# bios password reset



## del schisler (Aug 22, 2010)

bignezzy74 said:


> I have a *Toshiba Satellite a205 series . I don't remember ever putting a bio password on it, I think my son might have. I have checked for a **Battery to take out but can't find one, is there another way to reset any info would be great. *


go here and see if anything you can use http://www.tomshardware.com/forum/261003-29-toshiba-satellite-a205-laptop-bios-backdoor-password


----------



## diyorpay (Sep 21, 2010)

There has to be a battery. Quarter sized or so. Keep checking little compartments on bottom of computer. May have to remove hard drive or main battery to see it. Leave out for a while when you find it.


----------



## picflight (Aug 25, 2011)

Have you tried calling the Toshiba service center?


----------



## tribe_fan (May 18, 2006)

I'm not sure if this will work for you...

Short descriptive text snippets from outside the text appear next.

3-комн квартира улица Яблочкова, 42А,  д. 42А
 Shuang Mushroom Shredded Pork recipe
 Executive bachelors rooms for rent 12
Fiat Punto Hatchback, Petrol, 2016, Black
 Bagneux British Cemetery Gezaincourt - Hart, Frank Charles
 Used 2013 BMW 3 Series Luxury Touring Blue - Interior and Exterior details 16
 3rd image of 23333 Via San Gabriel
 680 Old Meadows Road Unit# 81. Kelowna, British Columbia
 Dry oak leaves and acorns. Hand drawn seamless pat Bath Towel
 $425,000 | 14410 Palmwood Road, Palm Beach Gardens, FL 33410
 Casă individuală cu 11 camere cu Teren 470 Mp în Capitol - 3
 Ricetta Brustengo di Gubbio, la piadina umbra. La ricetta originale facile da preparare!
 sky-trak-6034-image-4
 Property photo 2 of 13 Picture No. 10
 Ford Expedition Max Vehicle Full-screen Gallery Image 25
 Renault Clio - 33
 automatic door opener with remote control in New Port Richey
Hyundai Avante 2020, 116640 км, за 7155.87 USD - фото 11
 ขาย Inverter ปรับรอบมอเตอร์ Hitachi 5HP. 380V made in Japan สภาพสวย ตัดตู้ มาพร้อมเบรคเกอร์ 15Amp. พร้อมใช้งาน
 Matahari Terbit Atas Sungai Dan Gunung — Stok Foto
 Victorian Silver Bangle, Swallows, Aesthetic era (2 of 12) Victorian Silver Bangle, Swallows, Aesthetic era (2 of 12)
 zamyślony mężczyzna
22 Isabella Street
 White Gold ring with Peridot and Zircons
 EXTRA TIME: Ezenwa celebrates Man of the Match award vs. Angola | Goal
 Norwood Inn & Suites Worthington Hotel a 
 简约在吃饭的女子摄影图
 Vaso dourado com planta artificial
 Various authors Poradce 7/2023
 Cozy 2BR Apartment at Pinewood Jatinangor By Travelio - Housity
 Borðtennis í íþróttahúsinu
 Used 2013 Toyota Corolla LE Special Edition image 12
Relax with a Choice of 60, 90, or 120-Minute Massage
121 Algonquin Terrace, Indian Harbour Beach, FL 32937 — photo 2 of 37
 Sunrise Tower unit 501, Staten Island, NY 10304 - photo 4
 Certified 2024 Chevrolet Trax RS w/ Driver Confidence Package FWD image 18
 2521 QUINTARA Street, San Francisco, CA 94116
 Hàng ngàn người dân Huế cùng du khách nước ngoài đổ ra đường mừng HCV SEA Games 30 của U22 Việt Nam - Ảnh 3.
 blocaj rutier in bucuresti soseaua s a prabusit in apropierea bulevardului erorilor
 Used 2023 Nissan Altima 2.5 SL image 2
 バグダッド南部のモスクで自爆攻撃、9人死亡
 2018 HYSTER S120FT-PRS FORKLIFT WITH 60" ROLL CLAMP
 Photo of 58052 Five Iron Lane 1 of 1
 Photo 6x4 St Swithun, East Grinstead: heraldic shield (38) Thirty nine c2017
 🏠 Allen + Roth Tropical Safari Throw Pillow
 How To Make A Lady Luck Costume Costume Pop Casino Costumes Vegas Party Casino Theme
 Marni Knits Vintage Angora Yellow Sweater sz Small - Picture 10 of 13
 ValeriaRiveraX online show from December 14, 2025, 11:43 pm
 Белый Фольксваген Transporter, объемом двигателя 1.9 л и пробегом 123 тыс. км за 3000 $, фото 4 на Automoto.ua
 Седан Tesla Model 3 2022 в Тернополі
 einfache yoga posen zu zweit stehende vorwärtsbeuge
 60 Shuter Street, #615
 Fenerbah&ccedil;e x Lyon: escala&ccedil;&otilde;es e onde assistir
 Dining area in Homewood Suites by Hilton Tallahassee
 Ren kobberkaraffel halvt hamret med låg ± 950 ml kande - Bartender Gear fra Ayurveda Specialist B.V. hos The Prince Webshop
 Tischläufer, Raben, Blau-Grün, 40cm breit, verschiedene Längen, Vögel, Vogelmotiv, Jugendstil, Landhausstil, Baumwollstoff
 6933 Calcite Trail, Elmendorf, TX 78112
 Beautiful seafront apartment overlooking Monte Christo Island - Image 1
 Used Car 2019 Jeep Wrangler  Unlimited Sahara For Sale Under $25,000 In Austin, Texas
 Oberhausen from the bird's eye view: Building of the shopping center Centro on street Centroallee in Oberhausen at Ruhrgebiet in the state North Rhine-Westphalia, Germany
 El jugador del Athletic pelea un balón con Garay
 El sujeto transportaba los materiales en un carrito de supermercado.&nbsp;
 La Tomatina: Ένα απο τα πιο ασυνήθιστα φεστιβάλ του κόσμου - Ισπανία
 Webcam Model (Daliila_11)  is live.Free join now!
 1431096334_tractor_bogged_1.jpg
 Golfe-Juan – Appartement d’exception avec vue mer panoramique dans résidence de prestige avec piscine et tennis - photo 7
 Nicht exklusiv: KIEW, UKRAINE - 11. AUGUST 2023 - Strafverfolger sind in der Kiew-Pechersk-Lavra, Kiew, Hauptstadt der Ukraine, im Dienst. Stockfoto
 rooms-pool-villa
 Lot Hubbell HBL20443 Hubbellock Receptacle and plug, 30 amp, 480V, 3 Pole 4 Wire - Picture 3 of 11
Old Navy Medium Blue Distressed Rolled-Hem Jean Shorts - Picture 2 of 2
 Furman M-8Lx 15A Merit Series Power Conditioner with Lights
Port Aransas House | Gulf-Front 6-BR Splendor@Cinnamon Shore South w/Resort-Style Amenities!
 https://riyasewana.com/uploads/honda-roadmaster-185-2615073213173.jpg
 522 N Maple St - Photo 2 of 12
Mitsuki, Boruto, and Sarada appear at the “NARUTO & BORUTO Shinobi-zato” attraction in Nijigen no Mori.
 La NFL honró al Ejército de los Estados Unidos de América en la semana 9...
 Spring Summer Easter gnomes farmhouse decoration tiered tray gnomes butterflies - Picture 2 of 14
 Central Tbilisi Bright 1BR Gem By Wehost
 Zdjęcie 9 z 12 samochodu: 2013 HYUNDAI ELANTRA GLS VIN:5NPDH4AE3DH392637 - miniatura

http://www.techspot.com/vb/topic102975.html

You may have to take it in:

http://www.csd.toshiba.com/cgi-bin/...kIris&searchString=a205+bios+password&x=6&y=9


----------



## Oh-Fudge (Sep 1, 2011)

I have read, but haven't tried it myself, that you can simply replace the BIOS chip (EPROM). This is not easy as it requires soldering skills. It is perfectly legitimate to do this because someone may purchase a used laptop, such as from PropertyRoom.com or something, and have a BIOS password unknown.

But, I really like tribe fan's answer better if it works for you.


----------



## sonohuey (Oct 9, 2011)

Do what DIYORPAY recommended. Remove the battery that is the size of a quarter. Speed up the process by pressing and holding the power button to drain all of the power from the board.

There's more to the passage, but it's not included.